Blueqat is a Python-based quantum computing software framework. It is designed to cater to both beginners and seasoned quantum computing professionals. The framework provides an intuitive interface for designing and simulating quantum circuits. Its user-friendly design and comprehensive documentation make it a suitable choice for those just starting their quantum computing journey.

PennyLane

PennyLane is a cross-platform Python library that stands out for its focus on quantum machine learning. It integrates with multiple quantum computing frameworks, allowing users to run their quantum circuits on various backends. One of PennyLane’s key features is its ability to compute gradients of quantum circuits, which is crucial for optimization tasks in quantum machine learning. Its modular design and integration capabilities make it a versatile tool for quantum researchers.

QuTiP

QuTiP, or Quantum Toolbox in Python, is one of the original quantum frameworks written in Python. It is widely used in the quantum sciences community. QuTiP provides tools for simulating the dynamics of open quantum systems, making it a valuable resource for researchers in quantum mechanics and information theory. Its comprehensive features and active community support make it a staple in the quantum computing world.

QuNetSim

QuNetSim is a quantum network simulation framework in Python. It is designed to simulate quantum networks, including quantum communication protocols and quantum algorithms.
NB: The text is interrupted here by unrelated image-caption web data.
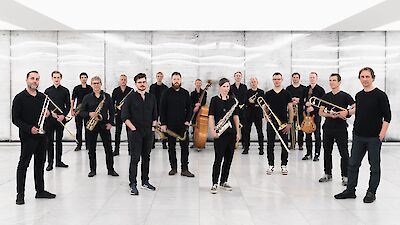 Das Bild zeigt eine Jazz-Band. Die Band hat 17 Musiker. Die Musiker tragen schwarze Kleidung. Sie stehen in einem hellen Raum. Der Raum hat weiße Wände. Der Boden hat Fliesen. Die Musiker haben verschiedene Instrumente. Sie haben Saxophone, Trompeten und Posaunen. Ein Musiker hat einen Kontrabass. Die Musiker machen ein Gruppen-Foto.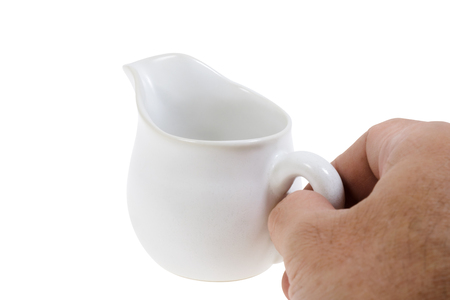 View of human hand holding ceramic jug. on white background.の写真素材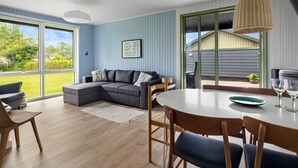 Una sala de estar moderna con un sofá seccional gris, una mesa de comedor redonda con sillas, y un ventanal que ofrece vistas al exterior.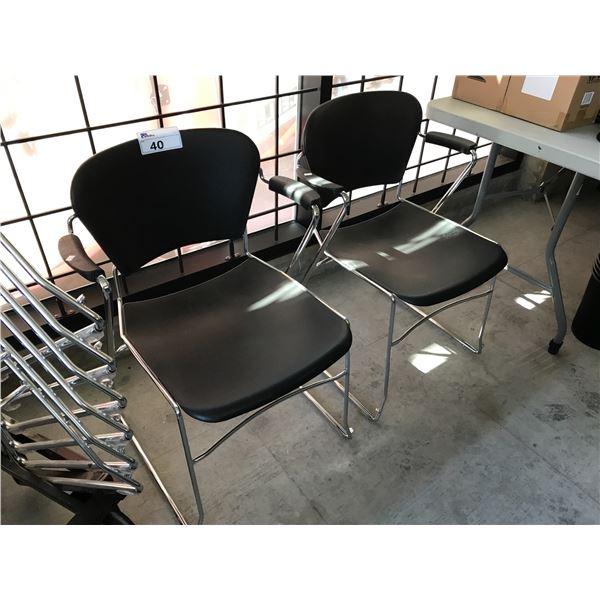 8 BLACK AND CHROME FRAME STACKING ARM CHAIRS COMES WITH CHAIR DOLLIE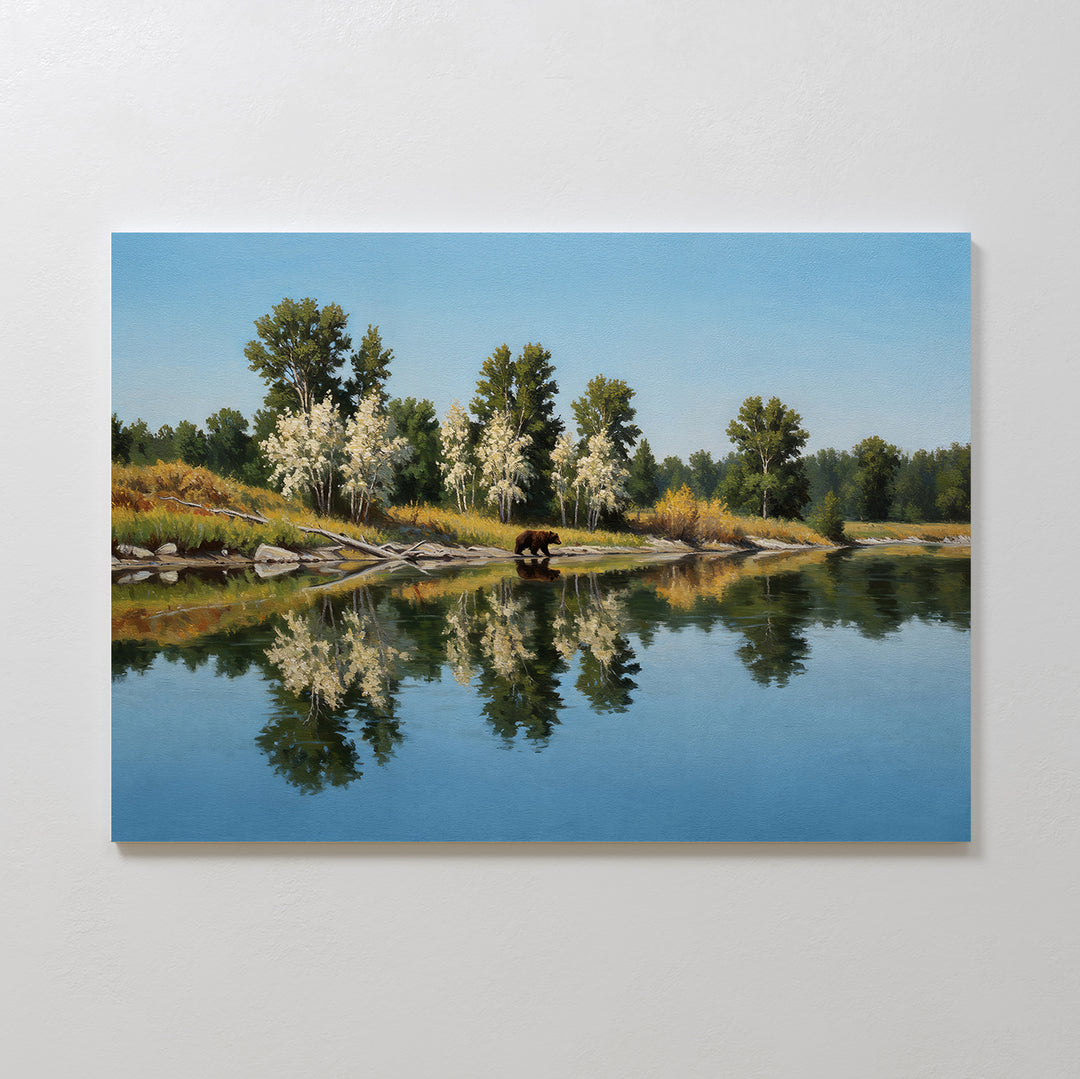 Reflections of the Wild Canvas Art features calm water mirroring trees and sky, with a brown bear near the shore amid greenery and white-blossomed trees—ideal as minimalist wall decor.
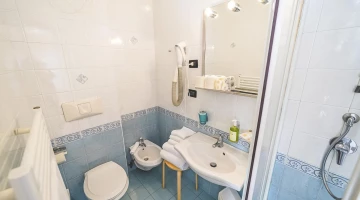 Private facilities with wall-mounted hairdryer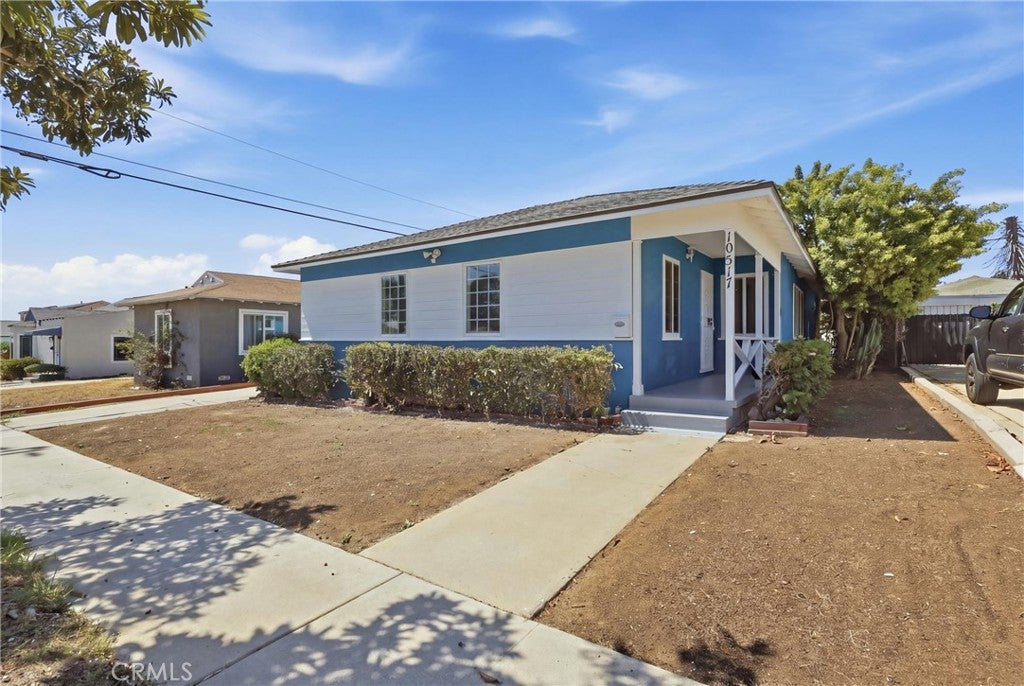 Photo of 10517 Cimarron ST, Los Angeles, CA 90047 (MLS # IN26201436)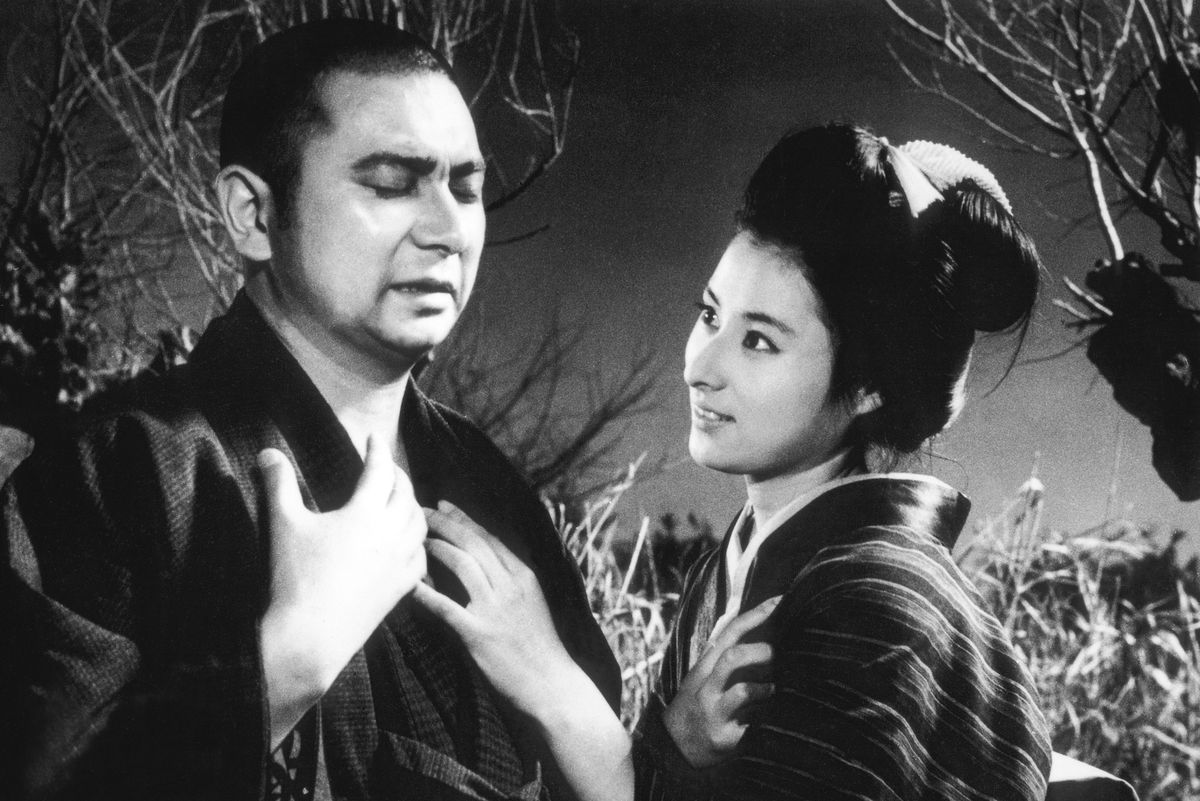 A black-and-white image of Shintaro Katsu, with his eyes closed, as Zatoichi. A young woman looks at him adoringly, as he holds both hands to his chest.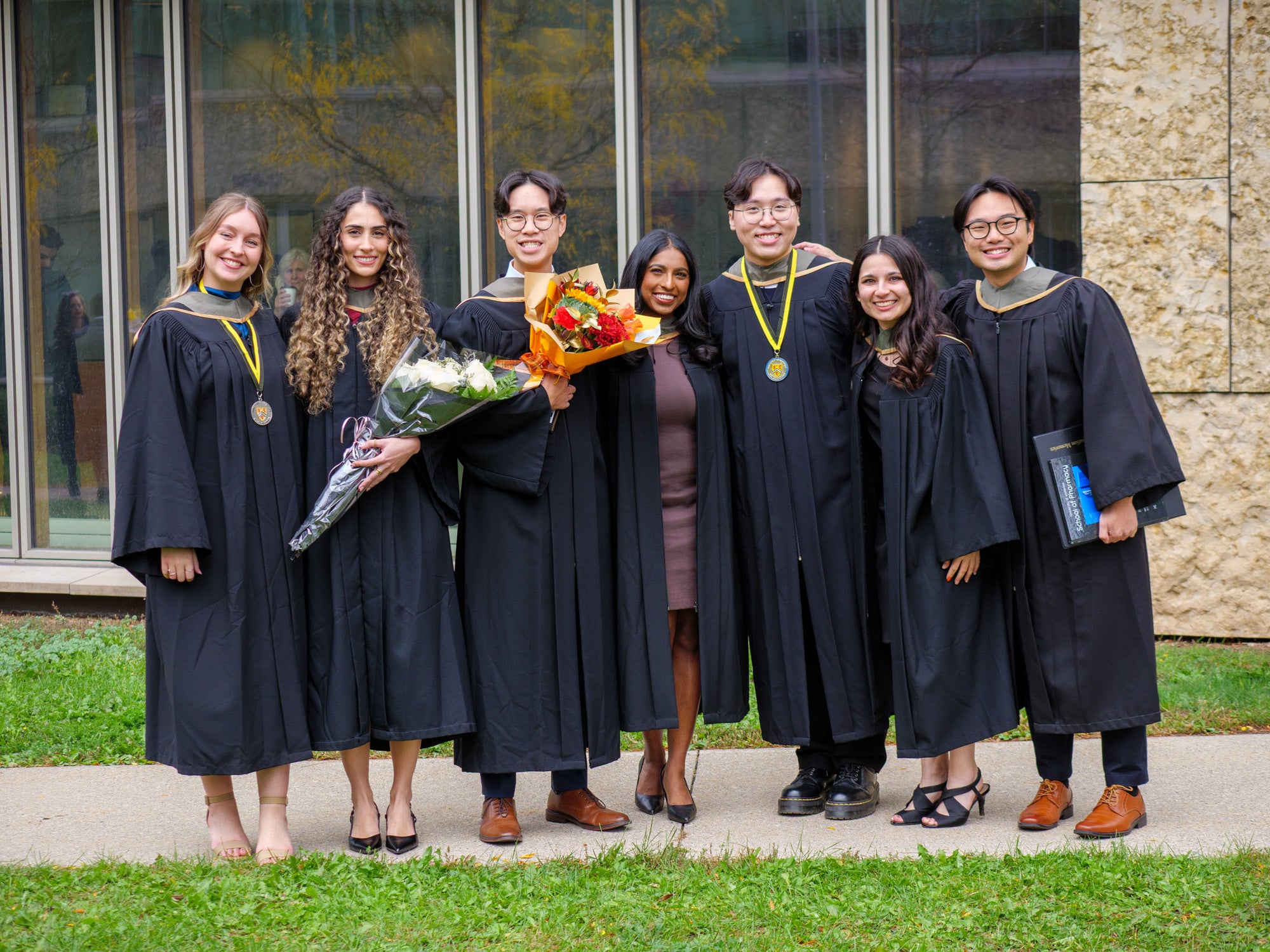 A group of graduates smiling with flowers in their robes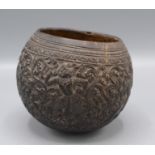 A carved coconut shell bowl, 19th century,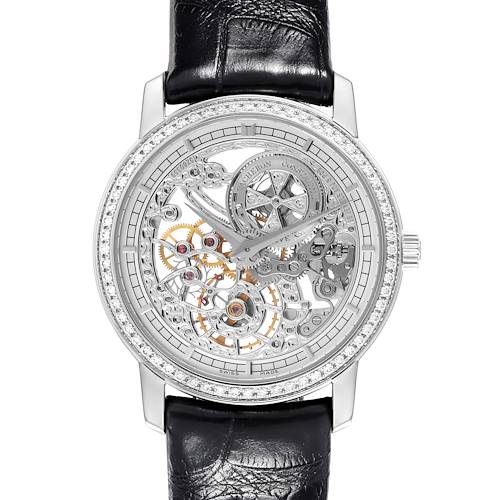 The Vacheron Constantin Traditionnelle 33558/000G-9394 Women's White Gold Silver Dial 33558/000G-9394 Women's White Gold Silver Dial watch is shown from a top-down angle, featuring a skeleton dial and black leather strap.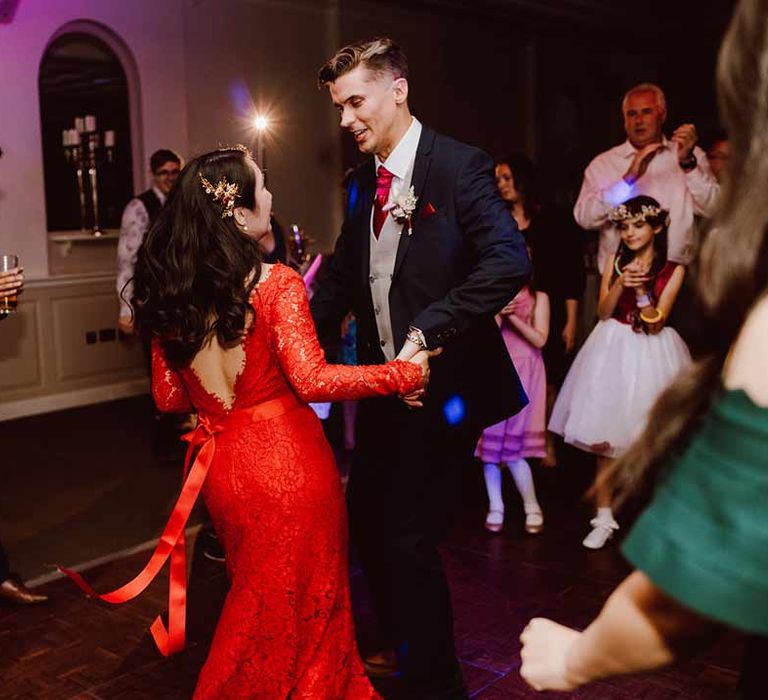 Bride in v-back bow detail reception dress - red lace wedding dress with long sleeves, red and gold hair accessories and golden closed toe wedding heels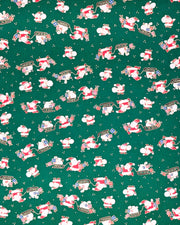 Japanese chiyogami paper featuring cartoon Santas in red outfits pulling sleds with presents and carrying sacks of presents on a green background with metallic gold details. 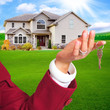 Hand Holding House Keys in Front of Home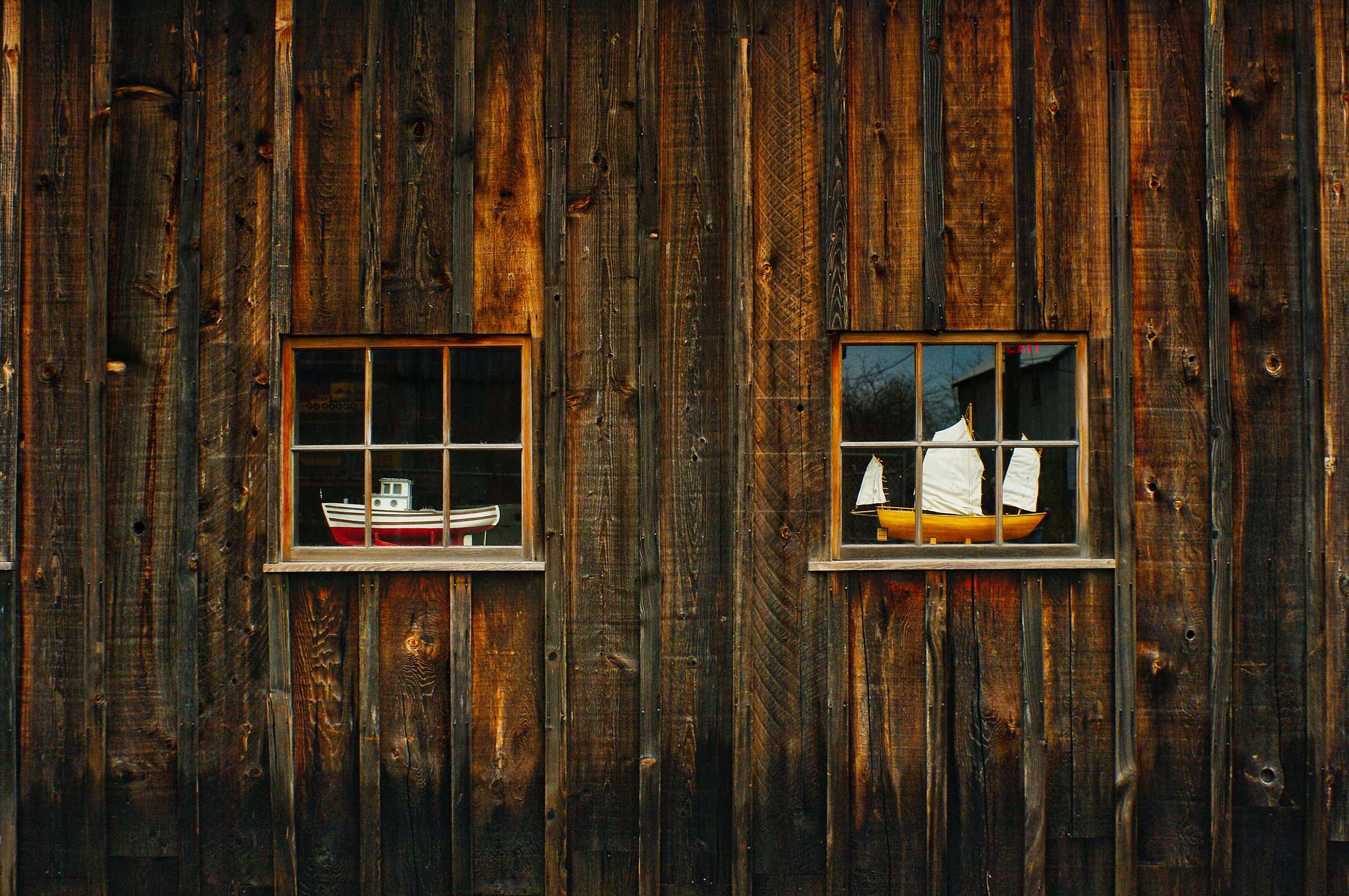Two windows with model boats on a wooden wall HD Wallpaper
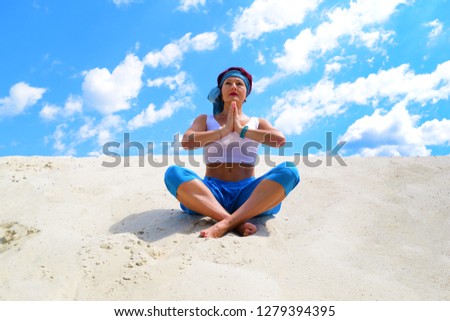 An old woman sitting on the sand in the desert in a Lotus position. Yoga, exercise
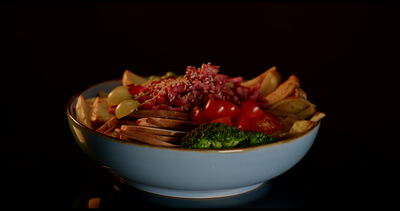 Gesunde Bowl mit Kirschtomaten Brokkoli und Edamame vor dunklem Hintergrund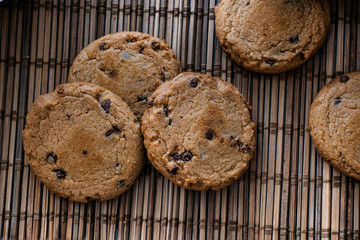 Chocolate cookies on the straw bedding.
One of the standout features of QuNetSim is its ability to simulate quantum entanglement and quantum teleportation over network topologies.

Strawberry Fields (Xanadu)

Developed by Xanadu, Strawberry Fields is a full-stack Python library designed for photonic quantum computing. It focuses on quantum computations based on light manipulation. Strawberry Fields provides tools for designing, optimizing, and utilizing photonic quantum computers. It also supports hybrid quantum-classical machine learning models.

Perceval

Developed by Quandela, Perceval is a software library designed for programming photonic quantum computers. It offers tools and functionalities for building and simulating quantum circuits based on light manipulation.

PyQudit

PyQudit is a Python package that offers generalized and universal versions of quantum gates in N-dimensions. It provides tools for building and simulating multi-dimensional quantum circuits.

Quipper

Quipper is an embedded, scalable functional quantum computing programming language specifically tailored for quantum computing. It offers a high-level circuit description language that not only provides gate-by-gate descriptions of circuit fragments but also includes powerful operators for assembling and manipulating circuits. This makes it particularly suitable for expressing complex quantum algorithms and computations. The language is designed to be both expressive and functional, allowing for a more intuitive approach to quantum programming.

Quipper’s design is rooted in the Quantum Lambda Calculus, which provides a theoretical foundation for the language. Furthermore, the language is capable of generating families of quantum operations indexed by parameters, making it versatile for various quantum computing tasks. The Quipper platform has been instrumental in advancing the field of quantum programming by providing a robust and scalable environment for quantum algorithm design and simulation.

Quantum Computing Programming should be Fun!

There is plenty of choice when it comes to picking a quantum computing programming language or framework. Which one you go for can depend on a multitude of factors, but we hope that we have given an oversight which can help motivate which quantum language or quantum framework suits any usecase. We have ranked languages and frameworks by popularity.

But remember that it should be a fun and rewarding journey. Feel free to experiment and play – thats the secret to getting good at just about anything, including learning to program a quantum computer!